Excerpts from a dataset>
..........

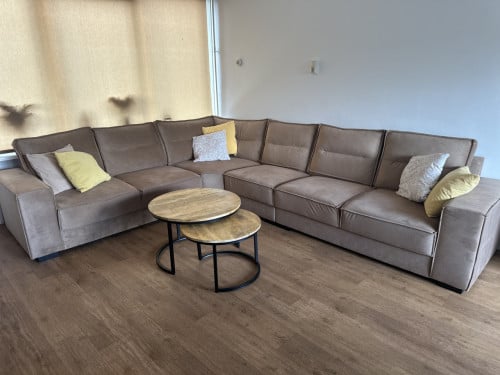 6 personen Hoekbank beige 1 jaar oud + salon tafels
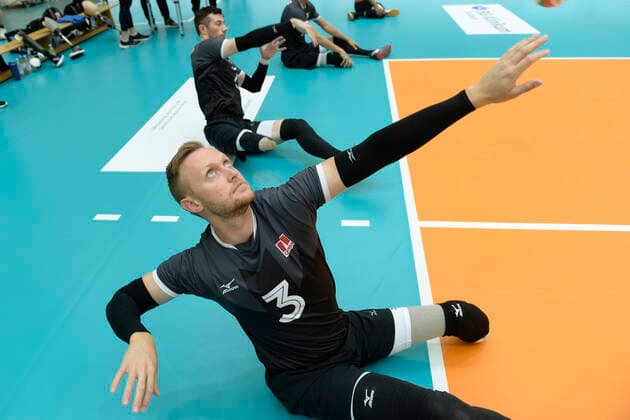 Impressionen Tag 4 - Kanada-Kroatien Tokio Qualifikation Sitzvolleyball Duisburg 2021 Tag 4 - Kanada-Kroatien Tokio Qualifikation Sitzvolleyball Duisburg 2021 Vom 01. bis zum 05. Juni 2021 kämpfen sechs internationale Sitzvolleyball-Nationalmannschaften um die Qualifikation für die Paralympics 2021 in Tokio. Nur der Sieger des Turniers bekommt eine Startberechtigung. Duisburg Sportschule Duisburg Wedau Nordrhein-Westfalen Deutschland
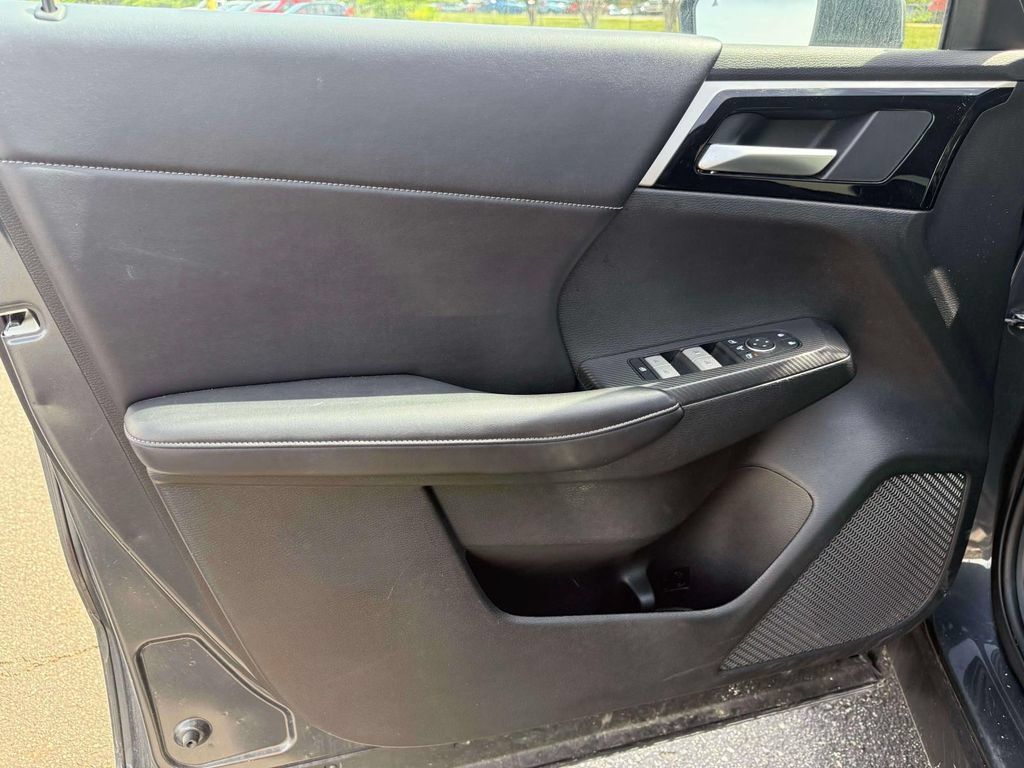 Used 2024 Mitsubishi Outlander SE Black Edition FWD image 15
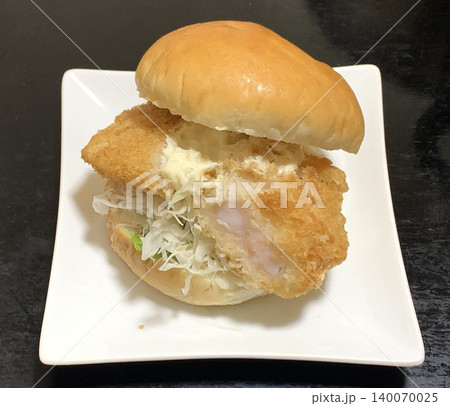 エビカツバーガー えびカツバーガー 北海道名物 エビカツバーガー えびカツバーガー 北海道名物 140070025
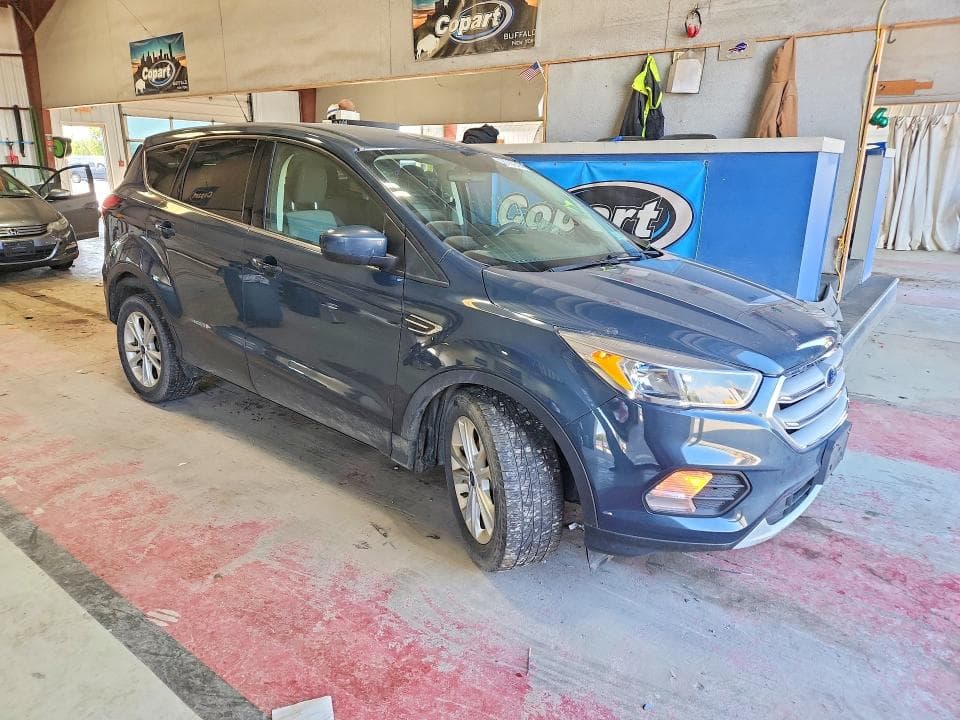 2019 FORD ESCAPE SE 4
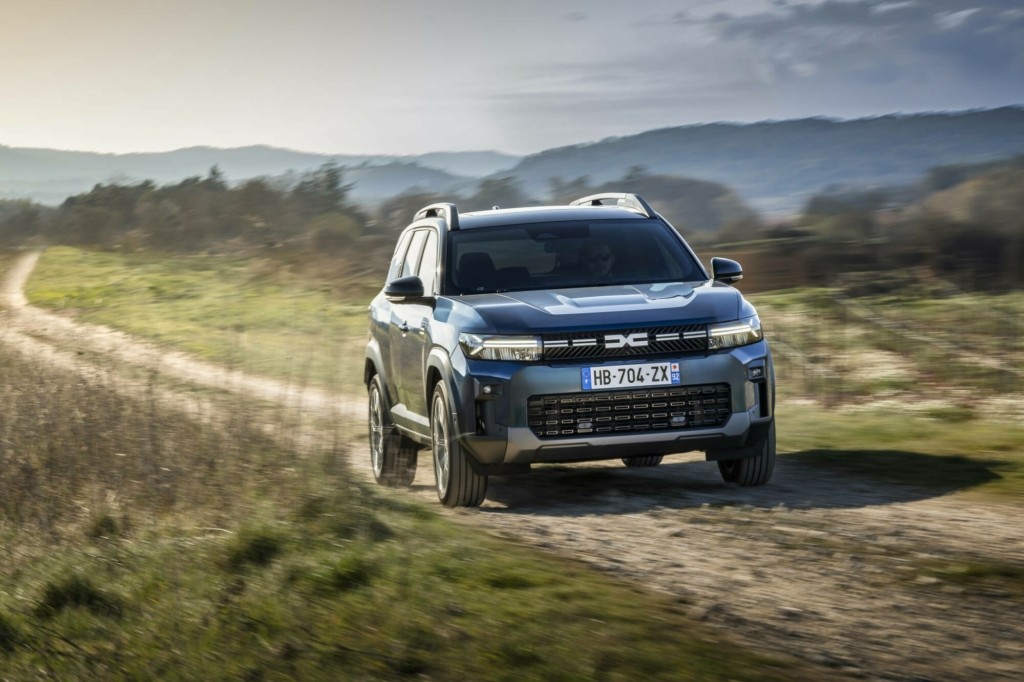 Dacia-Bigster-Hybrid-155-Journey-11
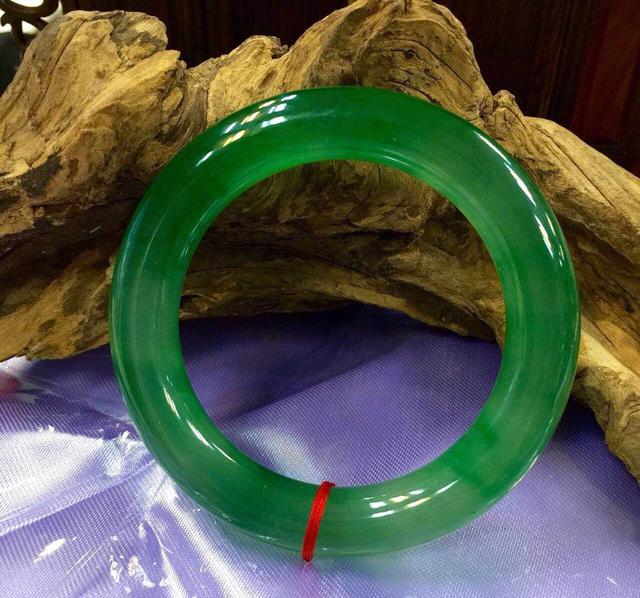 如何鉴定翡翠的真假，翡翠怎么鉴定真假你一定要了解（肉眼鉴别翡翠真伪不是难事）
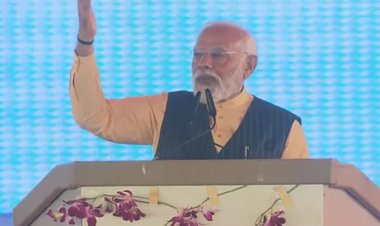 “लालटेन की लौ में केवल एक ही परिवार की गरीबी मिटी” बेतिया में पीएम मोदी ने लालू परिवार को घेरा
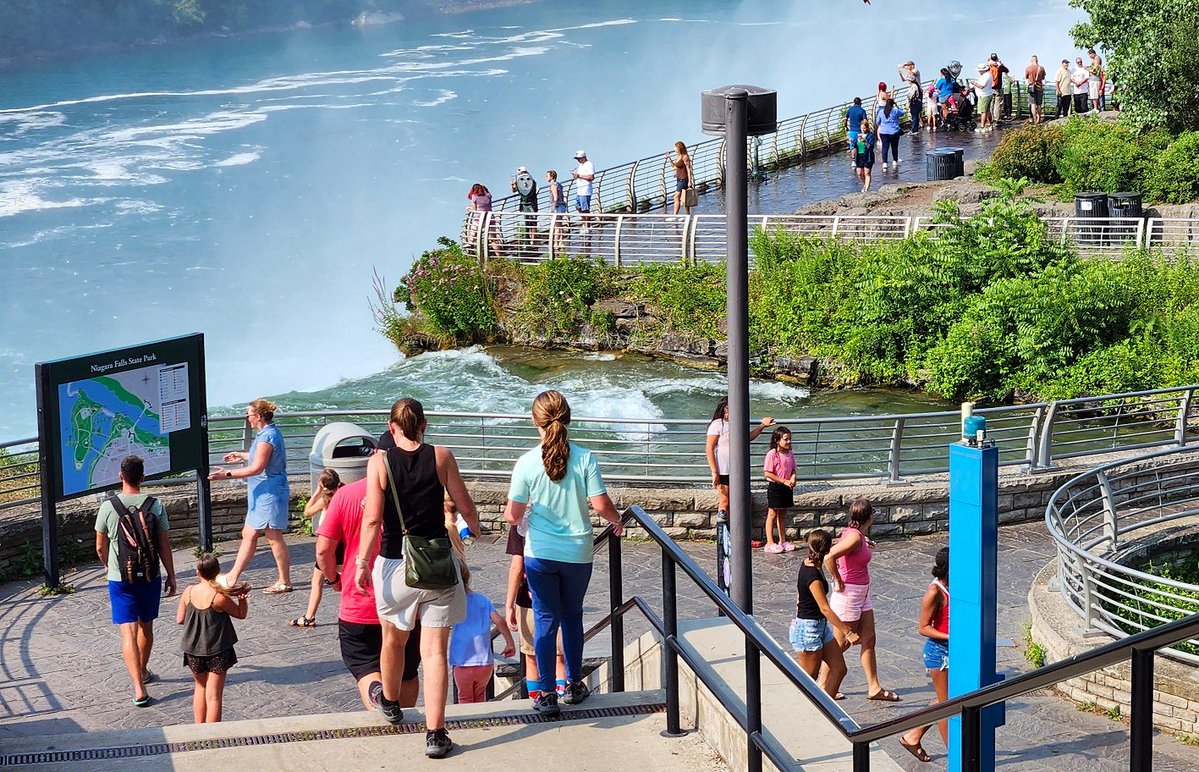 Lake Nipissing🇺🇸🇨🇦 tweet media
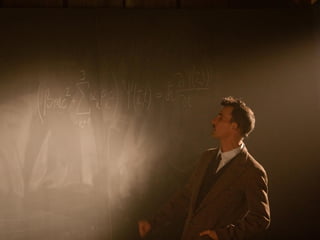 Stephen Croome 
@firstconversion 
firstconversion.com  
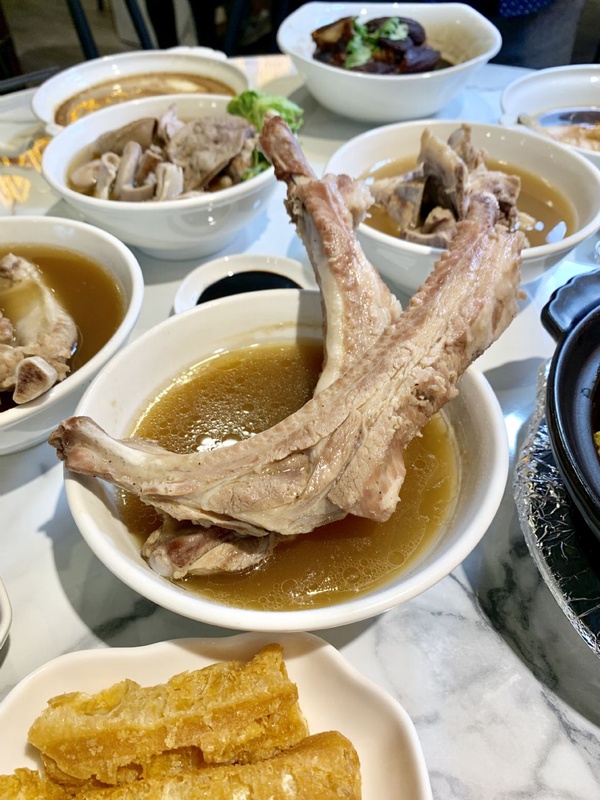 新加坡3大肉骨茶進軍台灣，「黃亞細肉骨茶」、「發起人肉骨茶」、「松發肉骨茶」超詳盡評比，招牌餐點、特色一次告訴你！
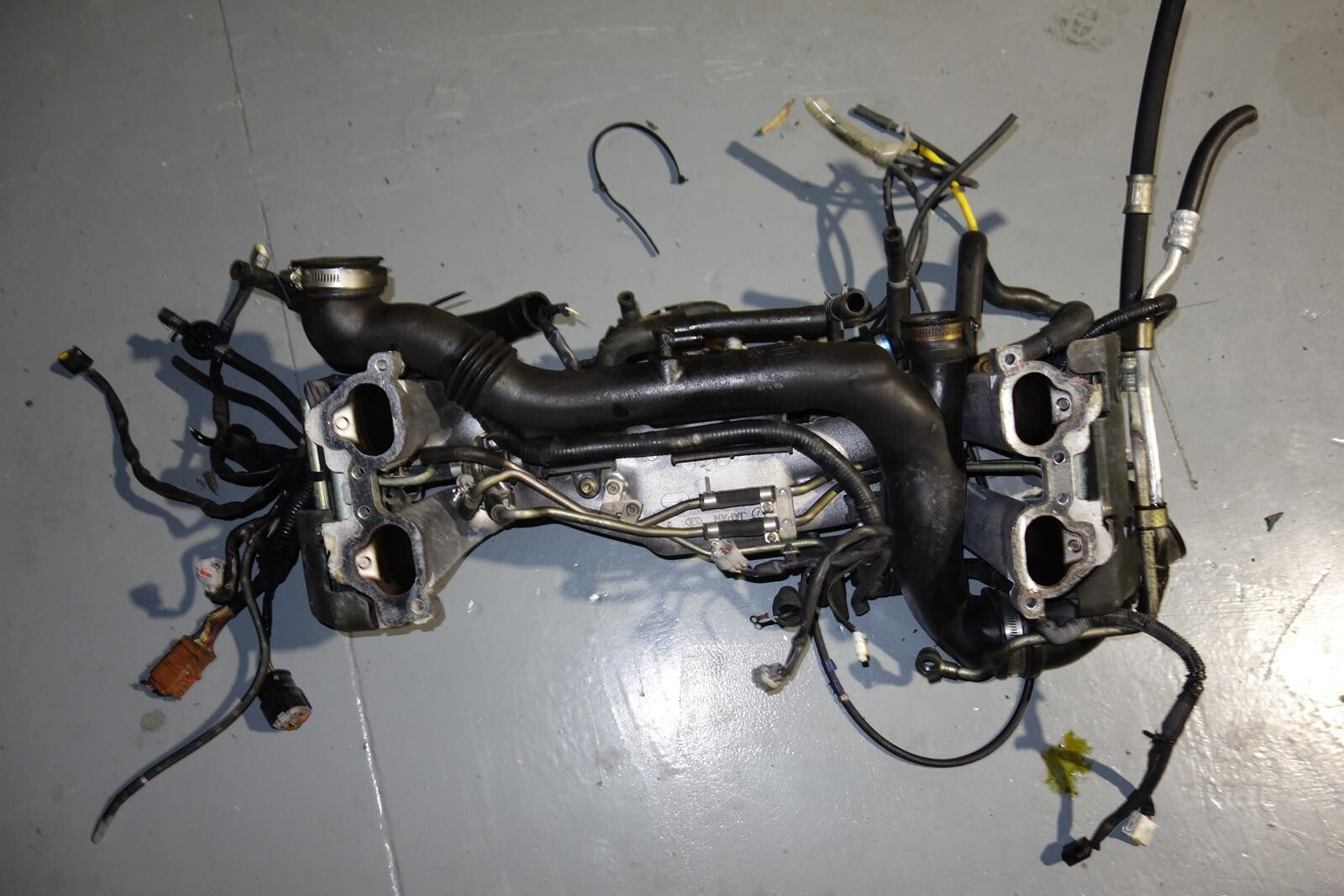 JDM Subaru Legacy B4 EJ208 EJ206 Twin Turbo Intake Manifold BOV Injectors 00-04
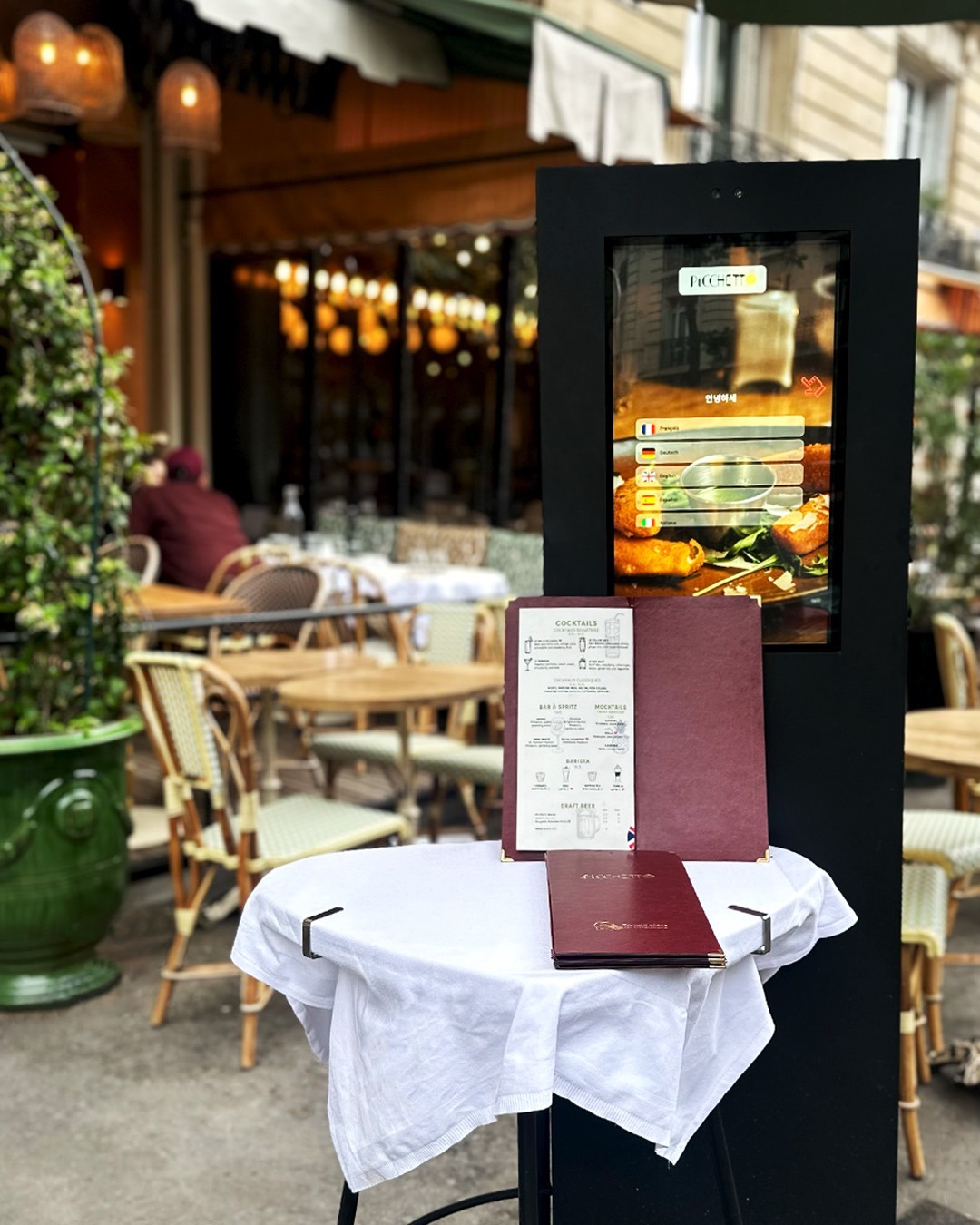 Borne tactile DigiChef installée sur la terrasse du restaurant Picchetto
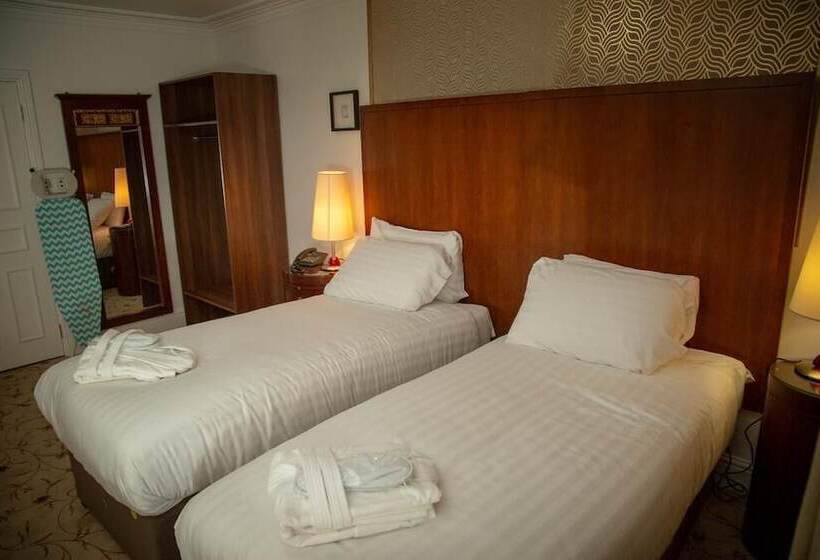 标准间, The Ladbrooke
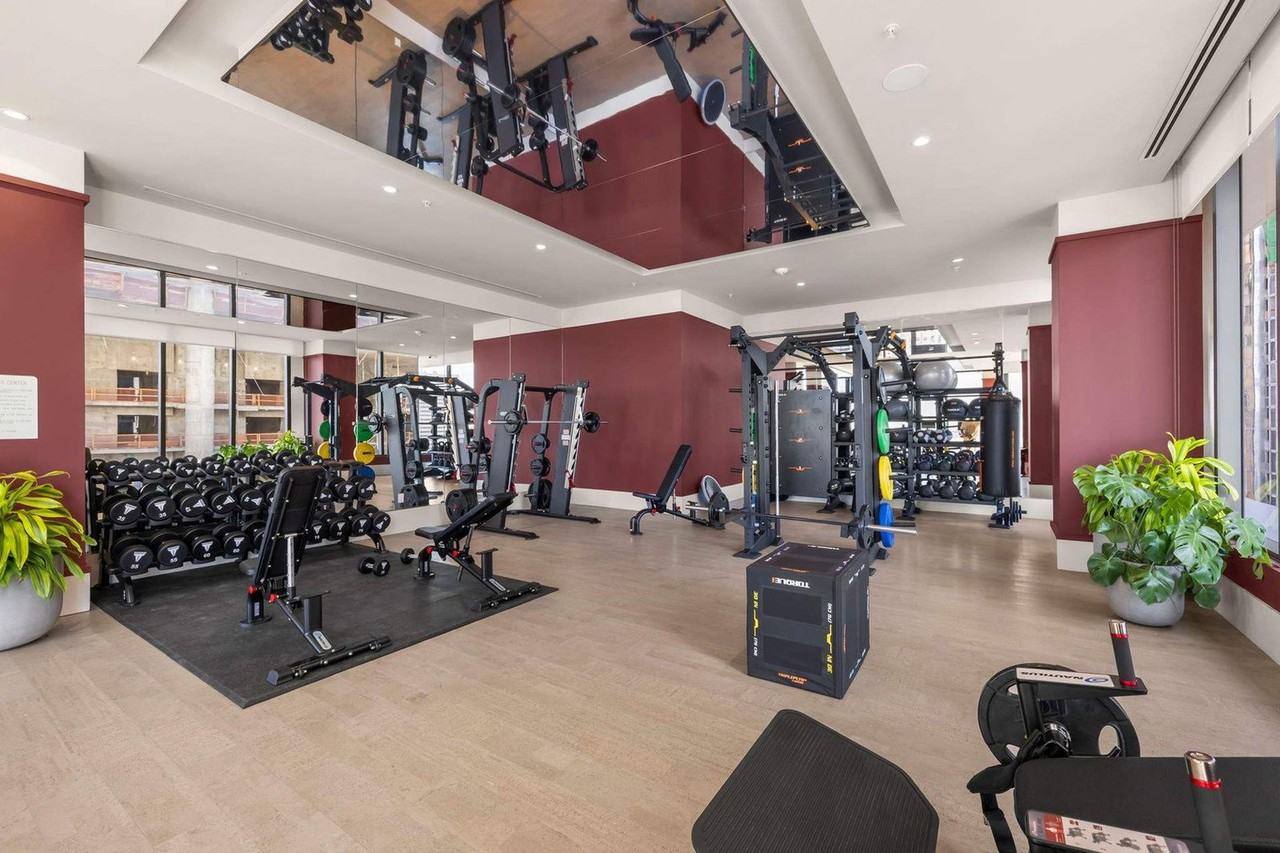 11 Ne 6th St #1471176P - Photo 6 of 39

..........

Problem requirements> Copy, from the lines above, each one that holds "firstconversion".

Answer to this exercise>
@firstconversion 
firstconversion.com  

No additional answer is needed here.